Il Vaticano e la Turchia. La piattaforma musulmana e i nodi dell'integrazione europea Lavopa Marco - Ginevra Bentivoglio Editoria, 2010 - Ateneo
Il presente saggio analizza la posizione assunta in età contemporanea dalla Chiesa cattolica riguardo al processo di integrazione della Turchia nell'Unione europea. L'Unione europea è una grande speranza, che si concretizzerà soltanto se si terrà conto della sua storia.
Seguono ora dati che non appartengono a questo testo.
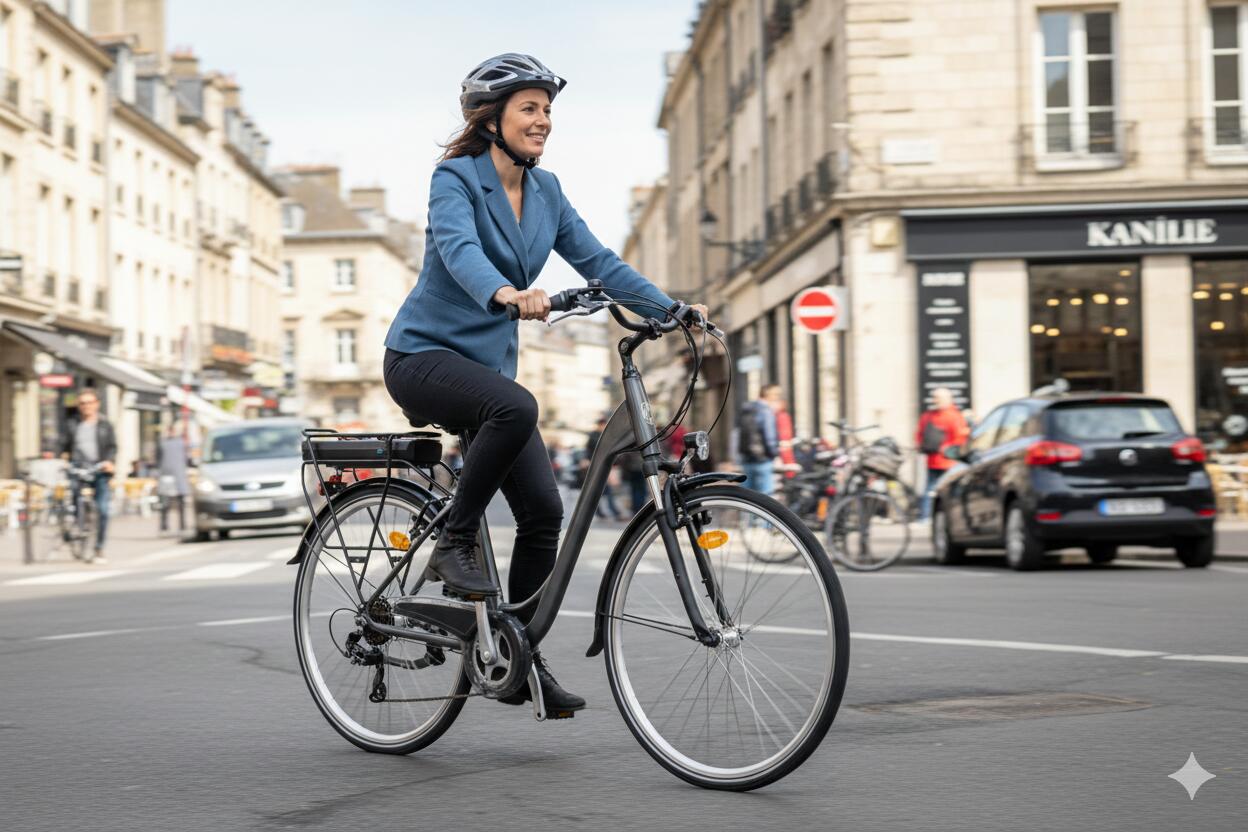 Denver E8000 MM stadsfiets met middenmotor 4/4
Ma di quale storia? Quella delle radici cristiane del Vecchio Continente? Partendo dalla svolta del Concilio Vaticano II, passando per la caduta del muro di Berlino, sino ad arrivare ai tempi nostri, si affrontano importanti questioni di interesse comunitario: in quale misura la Chiesa vede crescere, nella prospettiva europea del 'pericolo musulmano', una interrogazione integralista? In quale misura il messaggio fuoriuscito dal Concilio risulta tradito rispetto alle aspettative collettive di credenti e non credenti? E infine, in quale misura Paolo VI, Giovanni Paolo II e Benedetto XVI sono responsabili di questo tradimento?